# Basic NLP
  * Reading and processing language data
  * Segmenting text
  * Calculating word frequencies and idf weights

* Exercises are based on tweets downloaded using Twitter API. Both Finnish and English tweets are available, you are free to choose which language you want to work with.

> Finnish: http://dl.turkunlp.org/intro-to-nlp/finnish-tweets-sample.jsonl.gz

> English: http://dl.turkunlp.org/intro-to-nlp/english-tweets-sample.jsonl.gz

* Both files include 10,000 tweets.


## 1) Read tweets in Python

* Download the file, and read the data in Python
* **The outcome** is a list of tweets, where each tweet is a dictionary including different (key, value) pairs

In [44]:
# import packages
import gzip
import urllib.request
import json

# download and read data
data = urllib.request.urlopen("http://dl.turkunlp.org/intro-to-nlp/english-tweets-sample.jsonl.gz")
with gzip.open(data, 'rb') as f:
  res = [json.loads(jline) for jline in f.read().splitlines()]
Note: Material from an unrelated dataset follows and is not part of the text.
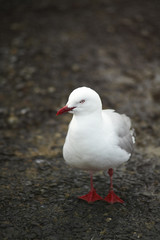 seagull standing in the dirt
## 2) Extract texts from the tweet jsons

* Extract the actual text field for each tweet.
* **The outcome** is a list of tweets, where each tweet is a string.

In [46]:
tweets = []
# Extract text from each line
for i in res:
  tweets.append(i["text"])


## 3) Segment tweets

* Segment tweets using the UDPipe machine learned model.

> English model: https://github.com/TurkuNLP/intro-to-nlp/raw/master/Data/en.segmenter.udpipe

> Finnish model: https://github.com/TurkuNLP/intro-to-nlp/raw/master/Data/fi.segmenter.udpipe


* **The output** is a list of segmented tweets, where each tweet is a string.

In [None]:
# Import packages
!wget -nc https://github.com/TurkuNLP/intro-to-nlp/raw/master/Data/en.segmenter.udpipe
!pip3 install ufal.udpipe
import ufal.udpipe as udpipe

# Define model and pipeline
model = udpipe.Model.load("en.segmenter.udpipe")
pipeline = udpipe.Pipeline(model, "tokenize", "none", "none", "horizontal")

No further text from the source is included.